In the film, which fails to convince us the Eliots gave a damn about each other, we watch good old "Tom" sweep aside the early signs of trouble in his marriage to the former Vivienne Haigh-Wood as if they don't exist, but when she becomes too much of an embarrassment by disrupting dinner parties and waving a knife at novelist Virginia Woolf, he simply gets rid of her.

That's not all. The film, like Hastings's 1984 play, also suggests that it was the mad but brilliant Viv who wrote some of Eliot's best lines--a claim biographers and literary detectives are hotly disputing. Ezra Pound, Eliot's main mentor, doesn't even make an appearance.

Meanwhile, the film's intermittent fascinations come less from Dafoe than from Miranda Richardson. As the troubled Viv, Richardson paints a strong portrait of a high-spirited nonconformist who contrasts sharply with her buttoned-up husband--a man who spent eight years working in a London bank while turning himself into the English-speaking world's most renowned poet. We also see a woman whose physical and psychological maladies baffle the questionable science of her day.

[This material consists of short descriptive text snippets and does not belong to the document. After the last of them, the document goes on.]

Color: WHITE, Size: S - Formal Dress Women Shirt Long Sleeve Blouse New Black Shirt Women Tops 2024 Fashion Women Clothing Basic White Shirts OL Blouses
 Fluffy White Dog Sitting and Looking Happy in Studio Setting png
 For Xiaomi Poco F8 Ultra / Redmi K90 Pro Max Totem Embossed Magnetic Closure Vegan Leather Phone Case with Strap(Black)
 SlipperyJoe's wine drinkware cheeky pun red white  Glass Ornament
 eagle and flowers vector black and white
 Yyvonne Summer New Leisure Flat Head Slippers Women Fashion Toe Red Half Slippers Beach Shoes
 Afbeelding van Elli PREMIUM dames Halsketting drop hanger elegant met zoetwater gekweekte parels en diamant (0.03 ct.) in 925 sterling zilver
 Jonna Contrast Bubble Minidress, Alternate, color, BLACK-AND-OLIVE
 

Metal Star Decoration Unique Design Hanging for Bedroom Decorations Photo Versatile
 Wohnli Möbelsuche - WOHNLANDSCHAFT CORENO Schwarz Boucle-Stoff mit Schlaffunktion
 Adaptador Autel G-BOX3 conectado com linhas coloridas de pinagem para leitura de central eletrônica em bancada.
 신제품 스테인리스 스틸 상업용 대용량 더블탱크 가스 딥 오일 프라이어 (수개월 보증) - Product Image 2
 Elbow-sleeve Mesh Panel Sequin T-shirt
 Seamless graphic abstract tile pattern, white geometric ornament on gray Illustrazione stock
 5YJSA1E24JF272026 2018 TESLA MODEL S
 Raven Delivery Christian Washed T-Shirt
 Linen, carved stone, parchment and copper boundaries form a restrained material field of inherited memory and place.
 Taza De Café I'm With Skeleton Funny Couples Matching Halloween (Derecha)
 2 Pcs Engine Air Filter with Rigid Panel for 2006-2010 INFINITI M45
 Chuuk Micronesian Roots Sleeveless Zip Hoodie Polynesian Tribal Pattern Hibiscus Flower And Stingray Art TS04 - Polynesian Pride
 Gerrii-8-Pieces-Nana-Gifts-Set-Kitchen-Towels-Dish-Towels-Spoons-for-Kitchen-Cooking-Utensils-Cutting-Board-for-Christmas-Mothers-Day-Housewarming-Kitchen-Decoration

Freud and Jung have apparently not found their way to London (or to the Eliots), and in time, one sniffy British practitioner diagnoses her problem as "moral insanity."

That, of course, more aptly describes the view of the world expressed in Eliot's poetry, with its dark visions of spiritual emptiness. But we get so little sense of his work from the film that he might as well be a greengrocer or a bartender. The filmmakers are much busier trying to put flesh and blood on the somber Tom and showing sympathy for the disordered Viv, whose room-wrecking rages and paranoiac frenzies make Zelda Fitzgerald seem like a Girl Scout by comparison. As far as we know, not even Zelda melted down a hundred chocolate bars on the stove, then poured the whole mess through her indifferent husband's mail slot, just to get his attention.

Director Brian Gilbert, English through and through, has shot the film in the restrained Masterpiece Theater/Merchant-Ivory style, and there's not much to argue with in that. No one expects T.S. Eliot to break into the Charleston. His best friend, "Bertie," aka philosopher Bertrand Russell, is the film's closest thing to a fun-loving guy (he's even got the hots for crazy Viv), but he doesn't exactly sling whiskey bottles around the room. All the mayhem in this rather stiff, formal film is left to Richardson's Viv--and even that looks pretty decorous and stiff-upper-lip.

The supporting players all achieve the high standard we've come to expect from the best British character actors. Newcomer Tim Dutton is superb as Viv's good-hearted but empty-headed brother Maurice, and Rosemary Harris shines as her mother, a proud aristocrat who appreciates her new son-in-law's early devotion to her daughter and understands Viv's dark traumas like no one else.

In Alan Rudolph's film about Dorothy Parker, we got a portrait of a relatively minor writer of the 1920s squandering her career on booze and thwarted love. In Tom & Viv, we see a major writer of the twentieth century--arguably the major writer--commit betrayal after betrayal while continuing to profess his love. "Poetry is an escape from emotion," the artificial Englishman says, one of the film's few insights into his actual aesthetics. For Eliot, England was also an escape, and when things got rough in his dysfunctional marriage, he escaped from that, too. His wife died, alone, in 1947; the following year he won the Nobel Prize for literature.

Until recently, Eliot was held in such awe by scholars that his personal life was virtually off-limits. But a new wave of studies, and this film, knock him off his high perch. It could have been worse. At least one of the poet's chief biographers, Lyndall Gordon, has castigated the filmmakers for omitting a crucial element in Eliot's shoddy treatment of his wife--namely, the presence of another woman. But that might have made things even messier, dramatically speaking, and if there's anything that fastidious old Tom abhorred, it was a mess.